What is required: Starting at the line below with "Lenco LS-50 - Plattenspieler" and stopping at the line with "PENGANTAR ADMINISTRASI DAN MANAJEMEN", please print each line exactly, those two included, and skip every picture.

Records contained in a dataset:
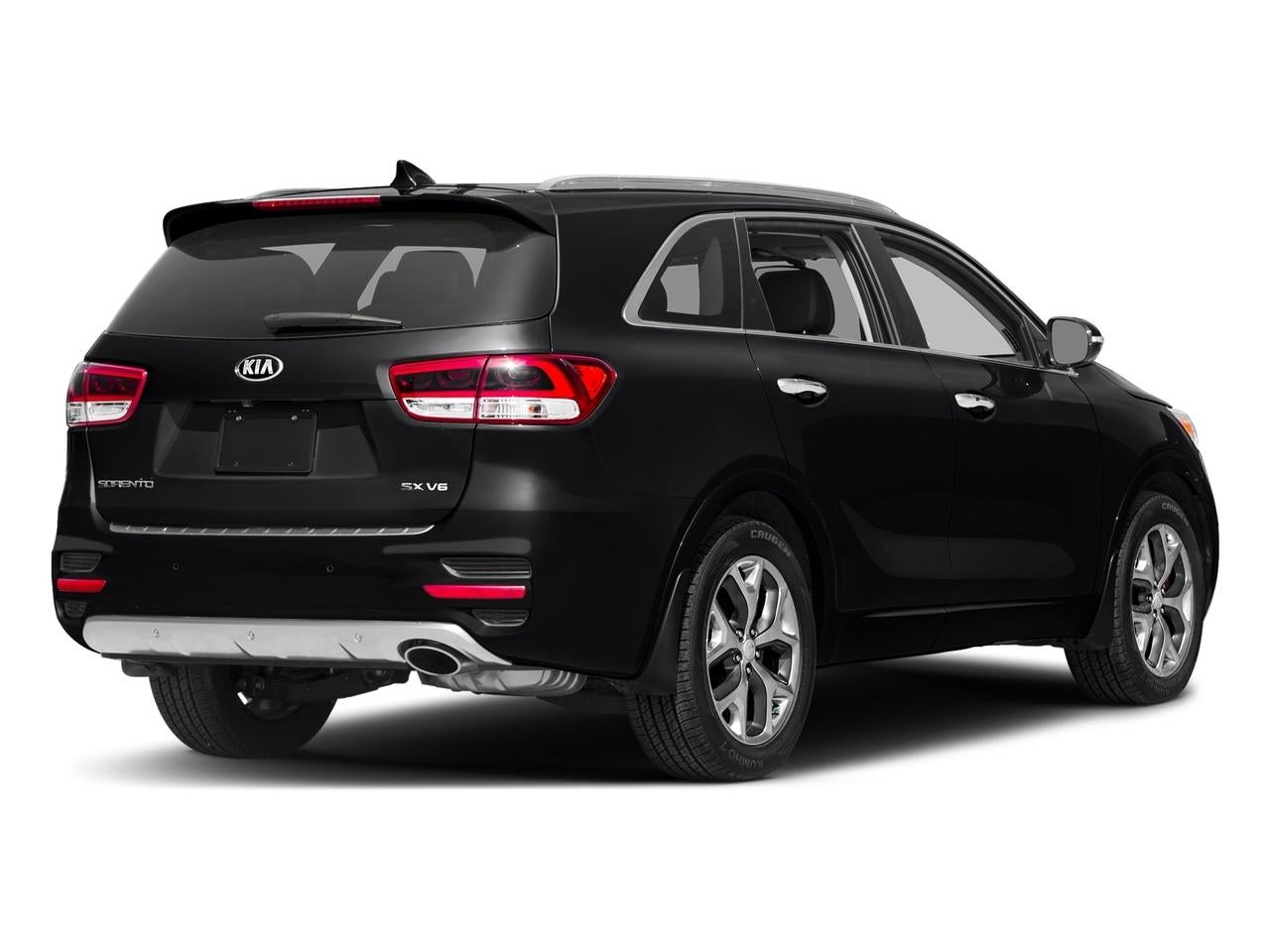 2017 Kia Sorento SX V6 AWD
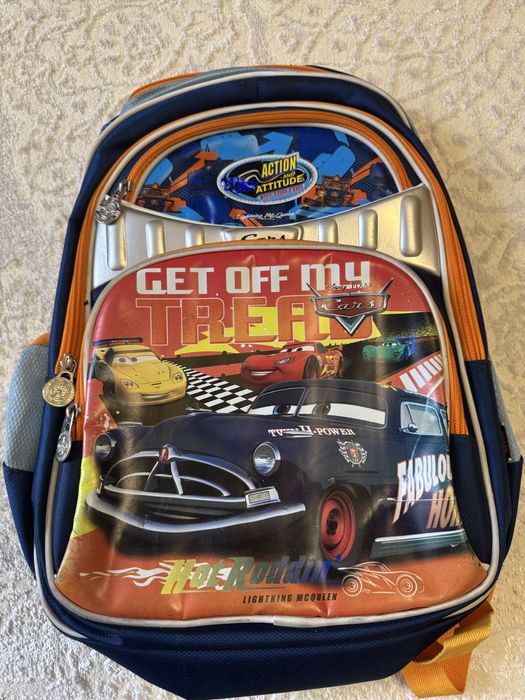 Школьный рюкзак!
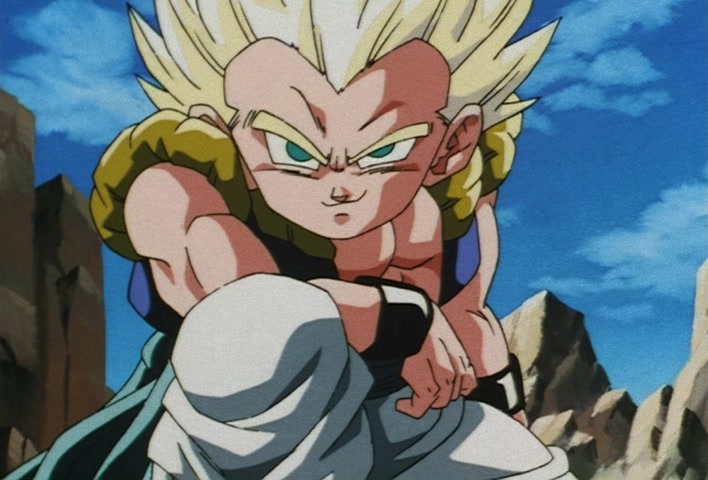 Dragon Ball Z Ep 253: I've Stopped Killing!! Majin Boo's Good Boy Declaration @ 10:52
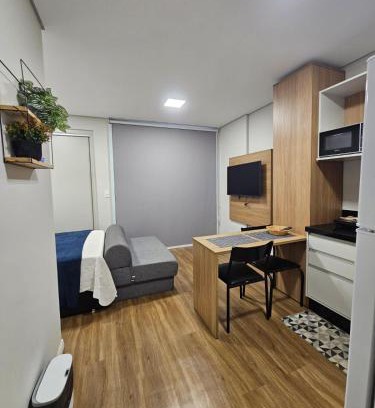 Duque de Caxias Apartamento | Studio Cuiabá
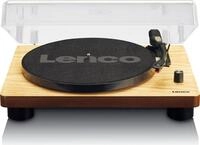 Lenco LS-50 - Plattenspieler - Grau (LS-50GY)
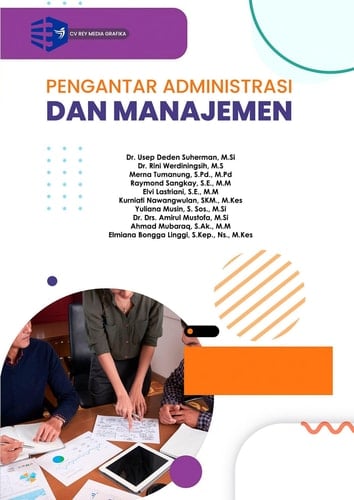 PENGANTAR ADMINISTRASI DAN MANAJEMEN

==

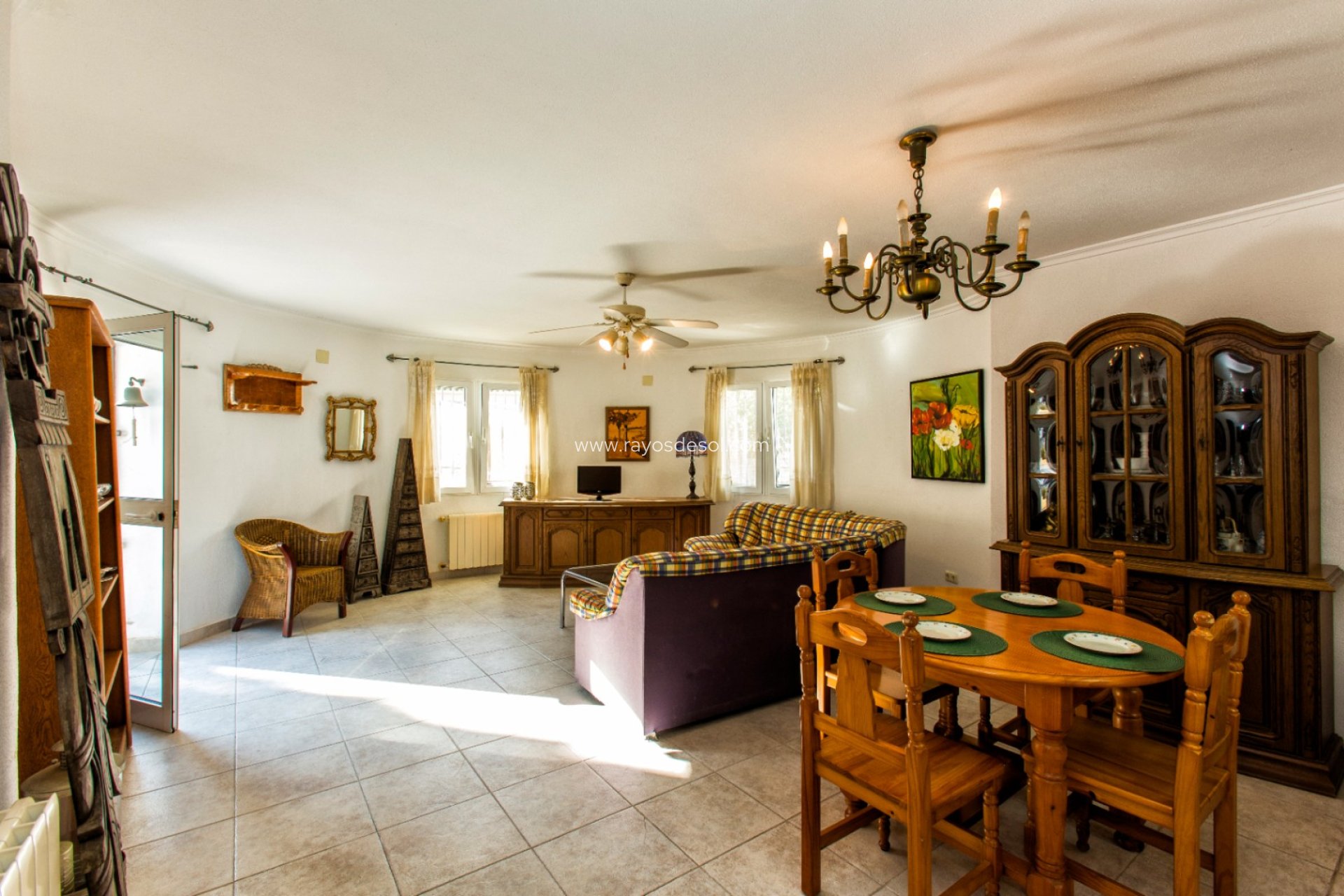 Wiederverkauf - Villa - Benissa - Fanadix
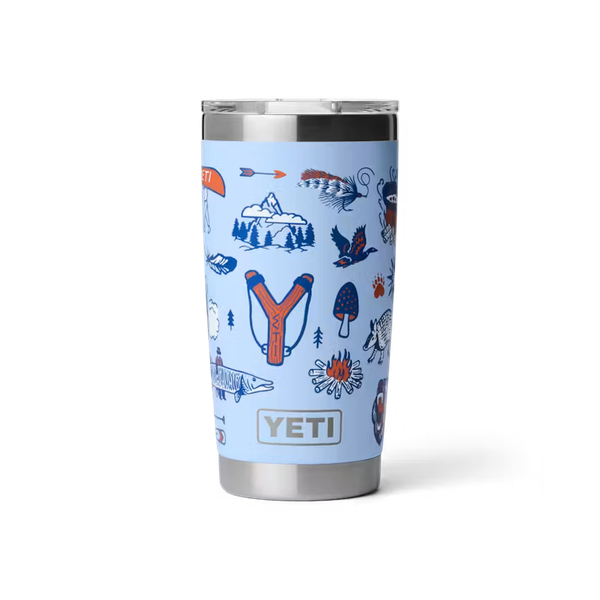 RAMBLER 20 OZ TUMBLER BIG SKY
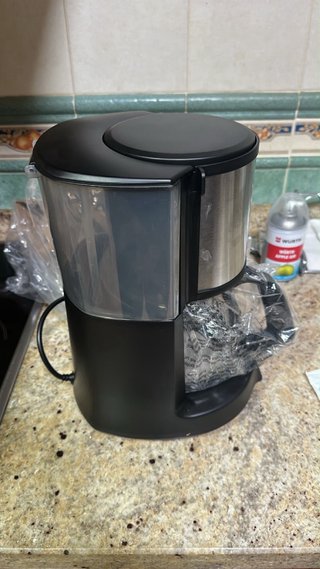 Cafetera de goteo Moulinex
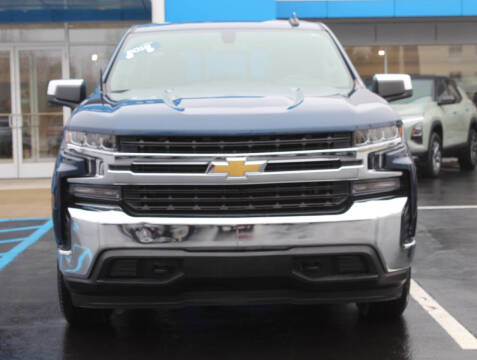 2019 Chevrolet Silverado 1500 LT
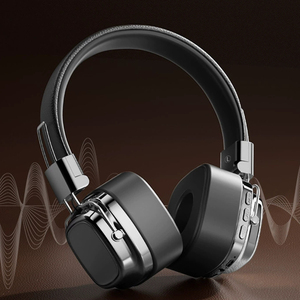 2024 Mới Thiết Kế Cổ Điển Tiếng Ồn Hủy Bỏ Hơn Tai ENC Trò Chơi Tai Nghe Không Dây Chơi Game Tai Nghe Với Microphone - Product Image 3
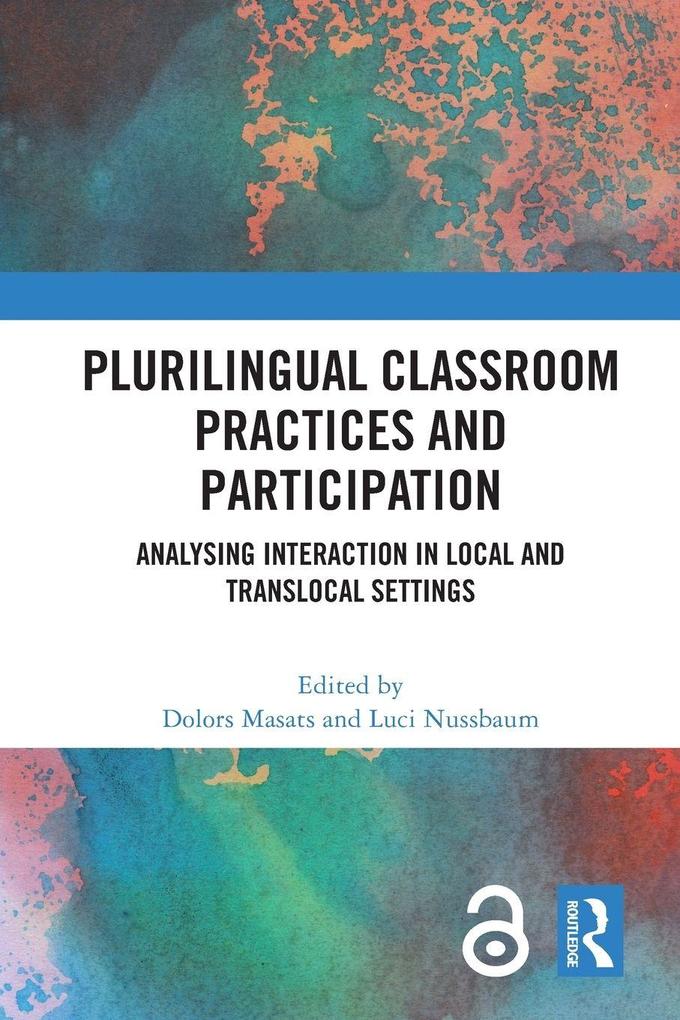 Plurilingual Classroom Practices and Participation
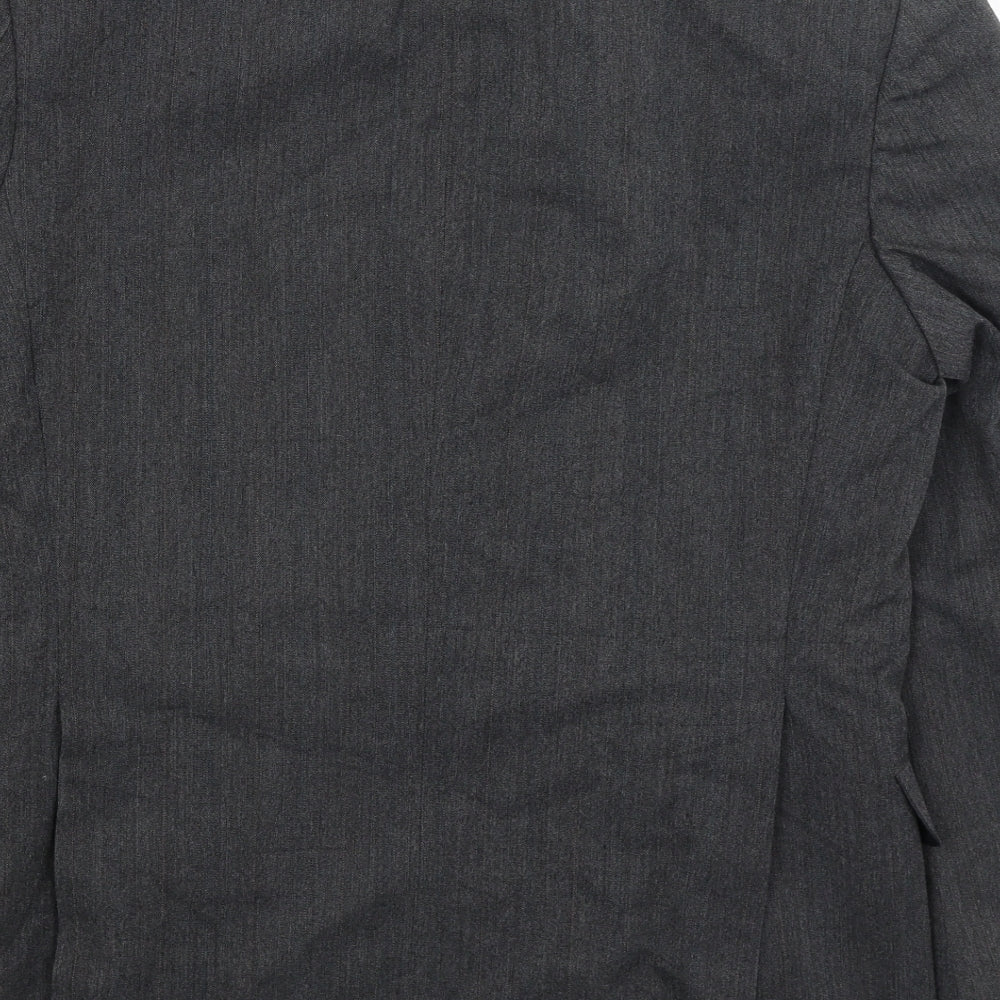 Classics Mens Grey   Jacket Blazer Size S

Written solution:
 Lenco LS-50 - Plattenspieler - Grau (LS-50GY)
 PENGANTAR ADMINISTRASI DAN MANAJEMEN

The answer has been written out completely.